Gabriel Felbermayr, Austria’s new economics secretary, says that he is not ruling out upper limits for gasoline prices at pumps. He explained to the “Frankfurter Allgemeine Zeitung” that the government could intervene at a certain price point, ideally in an internationally coordinated fashion by releasing strategic reserves. “These limits shouldn’t be set too low” he added.

The economist warned that a full‑blown energy‑price crisis could emerge if the Middle‑East conflict drags on or the Strait of Hormuz is permanently closed for shipping. While this is not yet the case, he cautioned that a month’s continuation would threaten both growth and inflation. “A doubling of oil prices could cost Germany roughly 0.4 percentage points in output” he noted, saying that higher energy costs are especially damaging given Germany’s fragile recovery.
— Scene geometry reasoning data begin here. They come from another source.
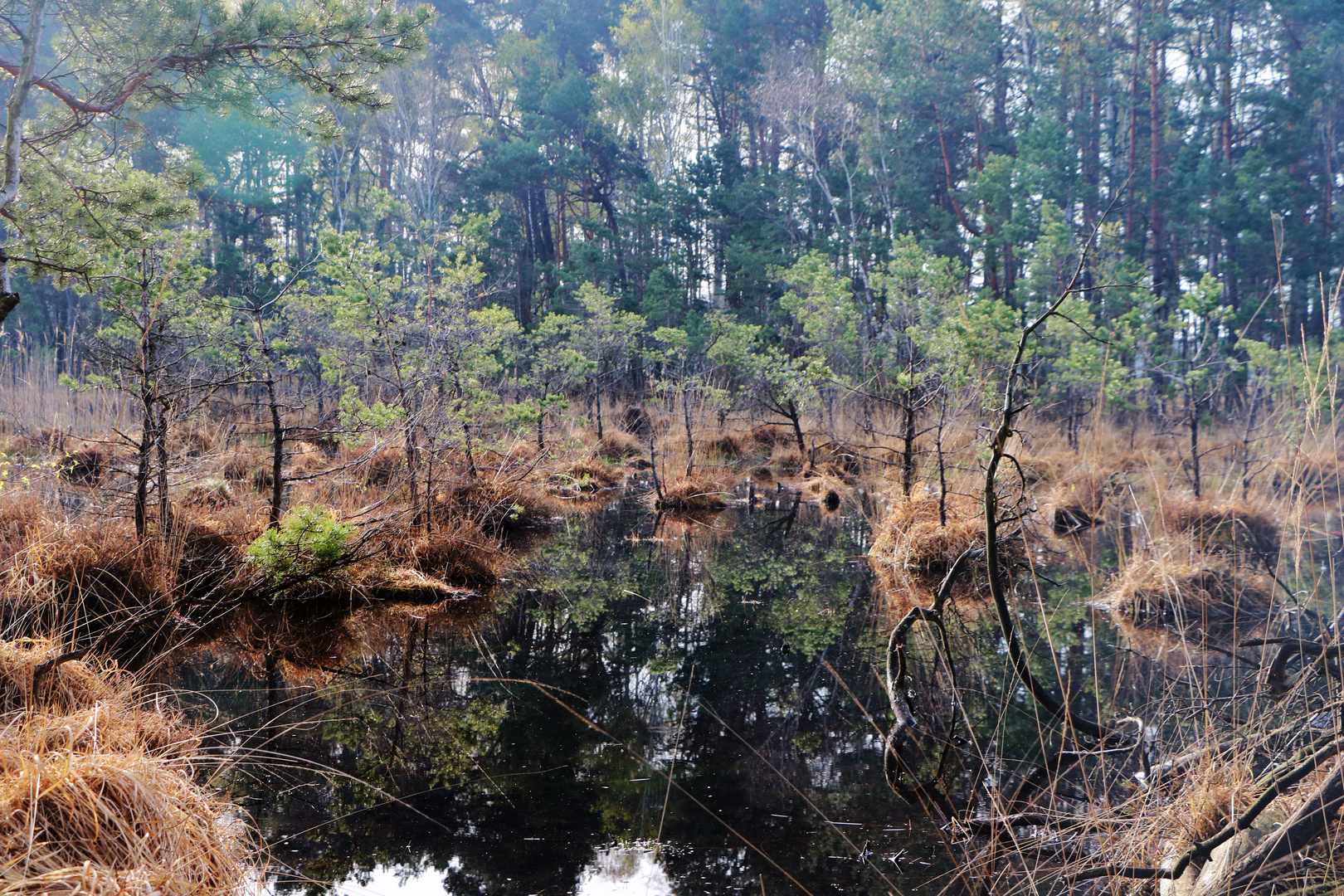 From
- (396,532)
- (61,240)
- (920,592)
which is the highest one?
(61,240)

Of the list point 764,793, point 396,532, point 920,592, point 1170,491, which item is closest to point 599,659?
point 764,793

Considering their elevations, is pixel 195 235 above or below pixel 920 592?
above

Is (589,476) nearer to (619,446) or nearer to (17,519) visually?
(619,446)

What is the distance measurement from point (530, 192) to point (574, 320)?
11.5 metres

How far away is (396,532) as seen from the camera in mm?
6297

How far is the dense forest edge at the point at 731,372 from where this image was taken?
259 centimetres

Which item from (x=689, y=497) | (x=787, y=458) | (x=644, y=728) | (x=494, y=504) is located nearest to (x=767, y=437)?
(x=787, y=458)

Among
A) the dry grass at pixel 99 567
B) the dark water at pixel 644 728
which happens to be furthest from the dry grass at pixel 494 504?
the dry grass at pixel 99 567

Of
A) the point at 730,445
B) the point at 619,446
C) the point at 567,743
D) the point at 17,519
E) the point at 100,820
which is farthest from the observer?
the point at 730,445

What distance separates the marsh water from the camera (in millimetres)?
2730

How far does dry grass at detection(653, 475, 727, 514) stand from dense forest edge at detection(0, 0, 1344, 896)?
6 cm

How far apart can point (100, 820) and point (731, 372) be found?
15.2 metres

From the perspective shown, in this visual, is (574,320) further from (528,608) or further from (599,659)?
(599,659)

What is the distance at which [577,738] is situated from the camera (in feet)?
12.3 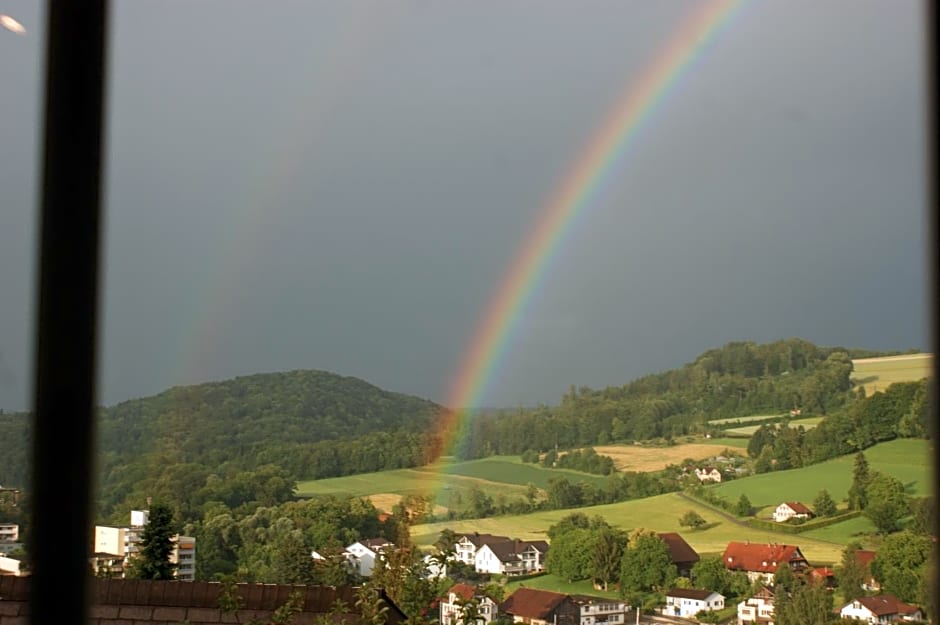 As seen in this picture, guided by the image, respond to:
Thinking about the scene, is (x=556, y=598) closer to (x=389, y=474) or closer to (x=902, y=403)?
(x=389, y=474)

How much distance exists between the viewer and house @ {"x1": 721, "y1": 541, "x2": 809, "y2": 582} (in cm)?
585

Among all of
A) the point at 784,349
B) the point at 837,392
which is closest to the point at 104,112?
the point at 837,392

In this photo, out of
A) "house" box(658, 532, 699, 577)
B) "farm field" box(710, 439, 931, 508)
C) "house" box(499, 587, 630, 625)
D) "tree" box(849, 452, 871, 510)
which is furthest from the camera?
"tree" box(849, 452, 871, 510)

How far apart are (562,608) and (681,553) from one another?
175 centimetres

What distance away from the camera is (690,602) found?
5355 mm

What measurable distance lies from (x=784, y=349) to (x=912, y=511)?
406cm

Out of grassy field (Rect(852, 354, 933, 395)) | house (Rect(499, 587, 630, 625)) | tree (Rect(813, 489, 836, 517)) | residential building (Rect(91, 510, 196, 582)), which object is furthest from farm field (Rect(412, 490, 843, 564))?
residential building (Rect(91, 510, 196, 582))

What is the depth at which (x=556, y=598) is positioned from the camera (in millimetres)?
4828

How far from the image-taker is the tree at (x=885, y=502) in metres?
7.06

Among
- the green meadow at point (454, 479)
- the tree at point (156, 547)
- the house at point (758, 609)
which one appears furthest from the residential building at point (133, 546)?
the house at point (758, 609)

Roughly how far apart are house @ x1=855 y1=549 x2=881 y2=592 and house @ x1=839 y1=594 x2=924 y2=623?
0.24 metres

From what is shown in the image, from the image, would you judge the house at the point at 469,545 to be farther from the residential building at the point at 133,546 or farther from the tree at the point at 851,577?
the tree at the point at 851,577

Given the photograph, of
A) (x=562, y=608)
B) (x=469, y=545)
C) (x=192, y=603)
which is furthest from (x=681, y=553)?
(x=192, y=603)

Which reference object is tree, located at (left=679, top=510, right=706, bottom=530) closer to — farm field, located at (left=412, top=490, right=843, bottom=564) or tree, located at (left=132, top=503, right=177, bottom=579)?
farm field, located at (left=412, top=490, right=843, bottom=564) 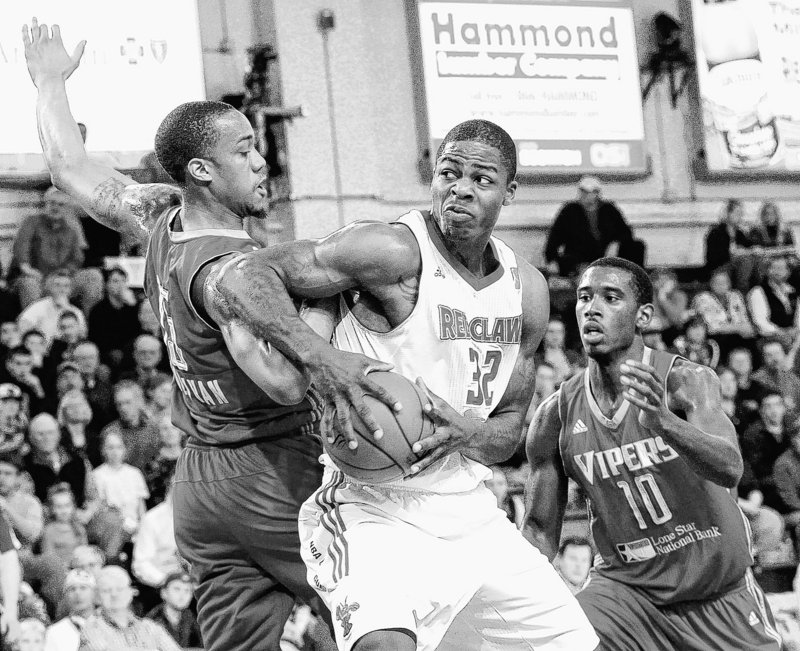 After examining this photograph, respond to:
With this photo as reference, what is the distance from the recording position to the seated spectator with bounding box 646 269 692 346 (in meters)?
11.6

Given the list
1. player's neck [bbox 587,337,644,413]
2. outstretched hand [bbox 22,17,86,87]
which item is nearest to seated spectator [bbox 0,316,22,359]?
outstretched hand [bbox 22,17,86,87]

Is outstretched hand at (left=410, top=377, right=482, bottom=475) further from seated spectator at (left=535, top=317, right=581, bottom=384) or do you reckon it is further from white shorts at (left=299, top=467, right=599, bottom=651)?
seated spectator at (left=535, top=317, right=581, bottom=384)

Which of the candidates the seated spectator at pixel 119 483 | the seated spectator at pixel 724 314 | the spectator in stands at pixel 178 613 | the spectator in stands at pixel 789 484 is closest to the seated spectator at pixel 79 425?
the seated spectator at pixel 119 483

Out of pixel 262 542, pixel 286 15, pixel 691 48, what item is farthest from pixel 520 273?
pixel 691 48

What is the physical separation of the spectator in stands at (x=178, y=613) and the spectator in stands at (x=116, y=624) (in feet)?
0.70

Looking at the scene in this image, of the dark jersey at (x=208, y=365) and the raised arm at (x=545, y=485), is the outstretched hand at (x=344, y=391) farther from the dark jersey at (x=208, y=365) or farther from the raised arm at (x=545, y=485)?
the raised arm at (x=545, y=485)

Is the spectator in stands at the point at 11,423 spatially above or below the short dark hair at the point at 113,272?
below

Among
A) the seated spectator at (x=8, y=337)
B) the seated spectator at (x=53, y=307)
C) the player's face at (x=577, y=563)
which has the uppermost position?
the seated spectator at (x=53, y=307)

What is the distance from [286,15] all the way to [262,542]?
9030 millimetres

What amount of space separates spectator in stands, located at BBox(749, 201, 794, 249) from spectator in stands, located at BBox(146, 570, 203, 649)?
7680 mm

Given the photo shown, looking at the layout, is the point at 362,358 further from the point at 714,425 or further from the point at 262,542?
the point at 714,425

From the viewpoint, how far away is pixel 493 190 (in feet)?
12.5

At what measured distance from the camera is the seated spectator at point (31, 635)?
662 cm

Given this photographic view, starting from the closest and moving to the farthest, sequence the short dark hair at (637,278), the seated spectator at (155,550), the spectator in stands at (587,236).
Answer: the short dark hair at (637,278) → the seated spectator at (155,550) → the spectator in stands at (587,236) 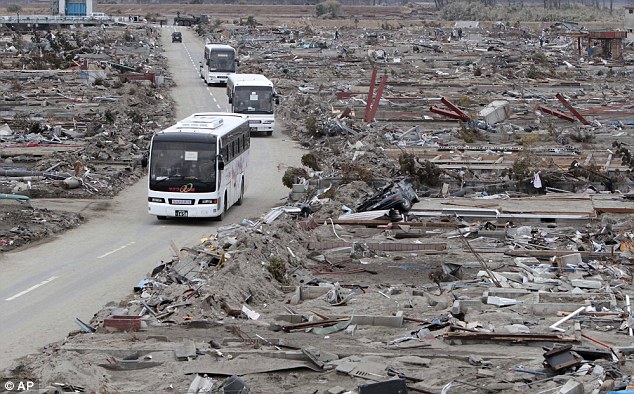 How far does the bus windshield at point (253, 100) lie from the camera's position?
158ft

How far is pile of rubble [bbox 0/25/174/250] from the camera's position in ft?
110

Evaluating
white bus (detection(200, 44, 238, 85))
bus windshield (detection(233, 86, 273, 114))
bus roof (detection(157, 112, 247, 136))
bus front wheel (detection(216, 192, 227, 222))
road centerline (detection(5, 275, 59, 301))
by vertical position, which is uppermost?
bus roof (detection(157, 112, 247, 136))

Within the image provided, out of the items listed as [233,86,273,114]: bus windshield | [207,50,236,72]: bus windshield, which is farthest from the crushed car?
[207,50,236,72]: bus windshield

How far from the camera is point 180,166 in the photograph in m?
29.3

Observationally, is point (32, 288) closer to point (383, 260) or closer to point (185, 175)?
point (383, 260)

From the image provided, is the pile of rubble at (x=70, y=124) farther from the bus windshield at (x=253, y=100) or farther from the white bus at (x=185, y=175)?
the bus windshield at (x=253, y=100)

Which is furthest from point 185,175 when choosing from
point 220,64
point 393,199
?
point 220,64

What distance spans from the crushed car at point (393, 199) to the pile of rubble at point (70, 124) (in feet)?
24.2

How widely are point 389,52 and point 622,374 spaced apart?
85.8m

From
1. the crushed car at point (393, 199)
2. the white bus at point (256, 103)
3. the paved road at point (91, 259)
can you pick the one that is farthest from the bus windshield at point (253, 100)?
the crushed car at point (393, 199)

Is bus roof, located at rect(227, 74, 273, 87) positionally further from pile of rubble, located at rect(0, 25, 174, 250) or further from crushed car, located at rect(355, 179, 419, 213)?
crushed car, located at rect(355, 179, 419, 213)

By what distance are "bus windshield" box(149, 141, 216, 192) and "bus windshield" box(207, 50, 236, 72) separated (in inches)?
1522

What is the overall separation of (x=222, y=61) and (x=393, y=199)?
40.6m

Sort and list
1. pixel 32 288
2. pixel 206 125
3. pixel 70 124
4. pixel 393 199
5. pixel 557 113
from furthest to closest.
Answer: pixel 557 113 → pixel 70 124 → pixel 206 125 → pixel 393 199 → pixel 32 288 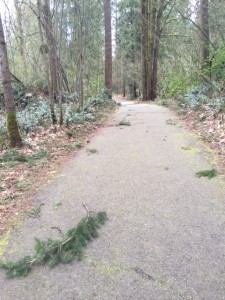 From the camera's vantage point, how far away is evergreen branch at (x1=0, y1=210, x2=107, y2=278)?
2289mm

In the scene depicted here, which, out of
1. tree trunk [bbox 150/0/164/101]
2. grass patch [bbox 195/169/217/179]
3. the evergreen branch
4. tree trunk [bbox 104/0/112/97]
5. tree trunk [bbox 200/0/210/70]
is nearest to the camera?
the evergreen branch

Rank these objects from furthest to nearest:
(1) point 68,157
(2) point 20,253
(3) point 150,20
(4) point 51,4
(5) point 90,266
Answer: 1. (3) point 150,20
2. (4) point 51,4
3. (1) point 68,157
4. (2) point 20,253
5. (5) point 90,266

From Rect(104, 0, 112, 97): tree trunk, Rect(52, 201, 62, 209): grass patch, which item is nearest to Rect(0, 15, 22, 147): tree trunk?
Rect(52, 201, 62, 209): grass patch

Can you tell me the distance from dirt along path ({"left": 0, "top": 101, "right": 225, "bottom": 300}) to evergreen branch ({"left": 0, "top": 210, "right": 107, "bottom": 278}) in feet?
0.19

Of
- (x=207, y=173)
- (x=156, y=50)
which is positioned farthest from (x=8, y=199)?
(x=156, y=50)

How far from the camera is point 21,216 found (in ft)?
10.5

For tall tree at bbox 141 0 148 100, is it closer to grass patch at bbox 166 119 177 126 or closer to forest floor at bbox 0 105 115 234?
grass patch at bbox 166 119 177 126

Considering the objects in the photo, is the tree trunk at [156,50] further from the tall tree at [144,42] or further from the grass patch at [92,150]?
the grass patch at [92,150]

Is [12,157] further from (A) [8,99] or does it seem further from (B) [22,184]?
(A) [8,99]

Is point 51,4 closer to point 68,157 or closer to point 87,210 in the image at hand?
point 68,157

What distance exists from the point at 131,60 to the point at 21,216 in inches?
982

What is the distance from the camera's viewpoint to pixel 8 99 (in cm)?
546

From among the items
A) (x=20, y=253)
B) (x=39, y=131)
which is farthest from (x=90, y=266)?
(x=39, y=131)

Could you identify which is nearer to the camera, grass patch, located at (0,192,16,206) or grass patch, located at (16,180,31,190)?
grass patch, located at (0,192,16,206) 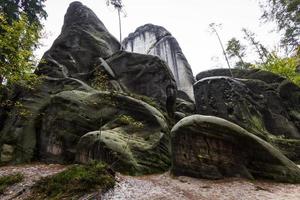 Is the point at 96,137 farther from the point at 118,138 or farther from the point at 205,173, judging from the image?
the point at 205,173

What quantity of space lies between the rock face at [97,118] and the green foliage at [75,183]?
2311 millimetres

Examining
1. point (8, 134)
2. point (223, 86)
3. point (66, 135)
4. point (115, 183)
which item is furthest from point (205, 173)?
point (8, 134)

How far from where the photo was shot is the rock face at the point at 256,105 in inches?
699

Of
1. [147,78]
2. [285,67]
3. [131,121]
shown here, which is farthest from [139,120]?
[285,67]

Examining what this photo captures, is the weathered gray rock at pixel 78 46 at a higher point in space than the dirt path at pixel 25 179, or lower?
higher

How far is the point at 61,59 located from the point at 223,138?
16.2 m

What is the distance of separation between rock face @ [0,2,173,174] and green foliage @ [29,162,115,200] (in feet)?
7.58

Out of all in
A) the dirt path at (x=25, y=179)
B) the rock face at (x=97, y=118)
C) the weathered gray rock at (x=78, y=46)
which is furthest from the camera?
the weathered gray rock at (x=78, y=46)

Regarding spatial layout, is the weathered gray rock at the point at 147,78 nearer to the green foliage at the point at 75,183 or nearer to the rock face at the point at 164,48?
the green foliage at the point at 75,183

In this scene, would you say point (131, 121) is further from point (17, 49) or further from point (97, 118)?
point (17, 49)

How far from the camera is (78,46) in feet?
76.2

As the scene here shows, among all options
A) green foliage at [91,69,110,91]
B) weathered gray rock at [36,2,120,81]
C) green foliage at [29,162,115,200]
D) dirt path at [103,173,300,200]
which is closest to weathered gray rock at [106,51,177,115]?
green foliage at [91,69,110,91]

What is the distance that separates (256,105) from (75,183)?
655 inches

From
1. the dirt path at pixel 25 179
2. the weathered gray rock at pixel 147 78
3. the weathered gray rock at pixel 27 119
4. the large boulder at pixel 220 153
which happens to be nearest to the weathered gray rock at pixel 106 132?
the weathered gray rock at pixel 27 119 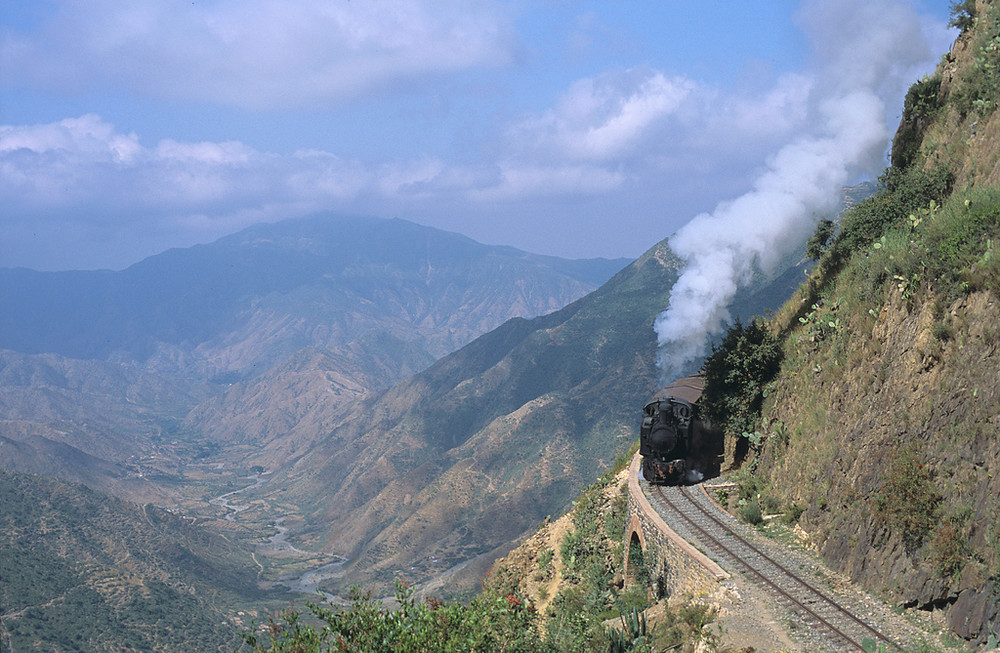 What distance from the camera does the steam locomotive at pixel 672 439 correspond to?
29.3 metres

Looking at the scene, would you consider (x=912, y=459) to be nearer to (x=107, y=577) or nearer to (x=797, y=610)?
(x=797, y=610)

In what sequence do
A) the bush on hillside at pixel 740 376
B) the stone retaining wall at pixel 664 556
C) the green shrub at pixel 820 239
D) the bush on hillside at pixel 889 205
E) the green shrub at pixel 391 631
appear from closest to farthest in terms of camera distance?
the green shrub at pixel 391 631 < the stone retaining wall at pixel 664 556 < the bush on hillside at pixel 889 205 < the bush on hillside at pixel 740 376 < the green shrub at pixel 820 239

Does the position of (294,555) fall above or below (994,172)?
below

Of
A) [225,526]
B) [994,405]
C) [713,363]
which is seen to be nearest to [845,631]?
[994,405]

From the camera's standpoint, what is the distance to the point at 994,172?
21.1m

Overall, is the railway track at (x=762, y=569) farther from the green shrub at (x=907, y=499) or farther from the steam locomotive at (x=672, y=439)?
the green shrub at (x=907, y=499)

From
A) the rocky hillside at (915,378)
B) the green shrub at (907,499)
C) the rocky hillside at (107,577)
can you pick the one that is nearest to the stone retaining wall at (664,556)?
the rocky hillside at (915,378)

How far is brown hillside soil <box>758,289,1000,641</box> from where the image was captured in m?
14.9

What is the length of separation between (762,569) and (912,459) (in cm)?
481

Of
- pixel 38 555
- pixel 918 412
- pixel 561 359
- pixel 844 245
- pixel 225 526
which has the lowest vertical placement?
pixel 225 526

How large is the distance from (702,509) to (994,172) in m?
13.3

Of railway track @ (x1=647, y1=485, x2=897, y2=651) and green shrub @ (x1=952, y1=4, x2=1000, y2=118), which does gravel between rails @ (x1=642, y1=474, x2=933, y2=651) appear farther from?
green shrub @ (x1=952, y1=4, x2=1000, y2=118)

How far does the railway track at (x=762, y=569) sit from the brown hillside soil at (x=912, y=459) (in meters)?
1.24

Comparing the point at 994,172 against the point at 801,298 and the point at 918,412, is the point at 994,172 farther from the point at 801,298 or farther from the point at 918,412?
the point at 801,298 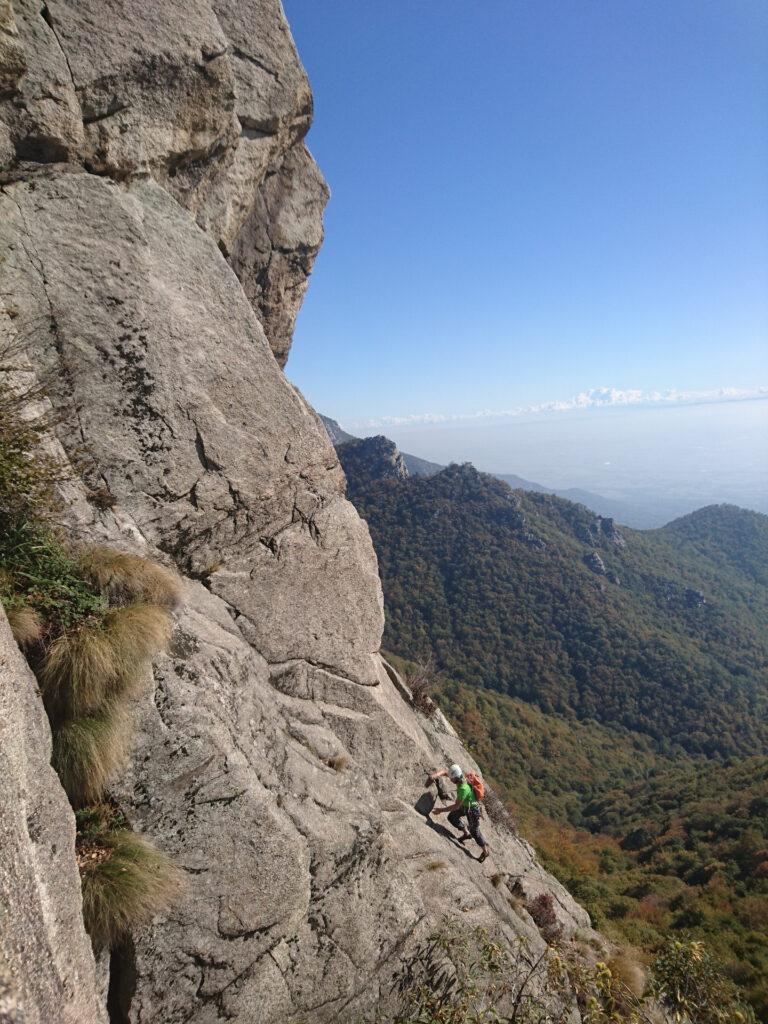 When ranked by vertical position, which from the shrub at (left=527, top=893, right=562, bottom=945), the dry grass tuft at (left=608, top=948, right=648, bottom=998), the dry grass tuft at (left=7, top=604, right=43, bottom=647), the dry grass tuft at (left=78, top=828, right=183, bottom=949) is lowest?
the dry grass tuft at (left=608, top=948, right=648, bottom=998)

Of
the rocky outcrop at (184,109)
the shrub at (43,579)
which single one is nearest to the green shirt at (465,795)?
the shrub at (43,579)

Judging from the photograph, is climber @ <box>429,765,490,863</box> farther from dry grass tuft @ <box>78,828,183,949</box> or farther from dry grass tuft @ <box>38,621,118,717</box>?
dry grass tuft @ <box>38,621,118,717</box>

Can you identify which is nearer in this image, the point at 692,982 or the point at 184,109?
the point at 692,982

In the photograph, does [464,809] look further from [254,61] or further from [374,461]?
[374,461]

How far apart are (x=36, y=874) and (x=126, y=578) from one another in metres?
3.15

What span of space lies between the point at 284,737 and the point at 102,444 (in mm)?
5134

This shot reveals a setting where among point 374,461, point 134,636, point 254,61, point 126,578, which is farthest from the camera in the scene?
point 374,461

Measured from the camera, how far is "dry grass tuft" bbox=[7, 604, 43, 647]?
4953 mm

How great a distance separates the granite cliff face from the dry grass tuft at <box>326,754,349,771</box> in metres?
0.02

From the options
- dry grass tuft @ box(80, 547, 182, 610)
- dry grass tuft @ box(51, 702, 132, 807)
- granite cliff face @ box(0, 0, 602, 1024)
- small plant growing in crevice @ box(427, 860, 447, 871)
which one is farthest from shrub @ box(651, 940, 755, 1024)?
dry grass tuft @ box(80, 547, 182, 610)

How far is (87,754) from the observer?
484 centimetres

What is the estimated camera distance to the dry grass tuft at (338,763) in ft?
26.0

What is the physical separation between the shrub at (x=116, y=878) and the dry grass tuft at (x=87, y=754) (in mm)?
214

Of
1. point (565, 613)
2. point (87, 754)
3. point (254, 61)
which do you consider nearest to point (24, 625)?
point (87, 754)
Felbermayr also highlighted the geopolitical implications of the Iran war. He said it reveals China’s vulnerability: both Iran and Venezuela were part of a larger Chinese geopolitical strategy, yet neither China nor Russia appears able to assist Iran, exposing China’s weakness in this scenario. He added that the high energy price burden hurts China more than it does the United States.

In light of the clash between the United States and China, Felbermayr advised Germany and Europe to avoid taking an economic side. “We cannot abandon trade with either the United States or China. Choosing one side would be devastating for us” he asserted.

The federal cabinet approved Felbermayr’s appointment to the Expert Council for assessing the overall economic development on Wednesday. The council’s members are colloquially called “Wirtschaftsweise”; Felbermayr will replace Ulrike Malmendier, whose contract was not renewed at the European Union’s request.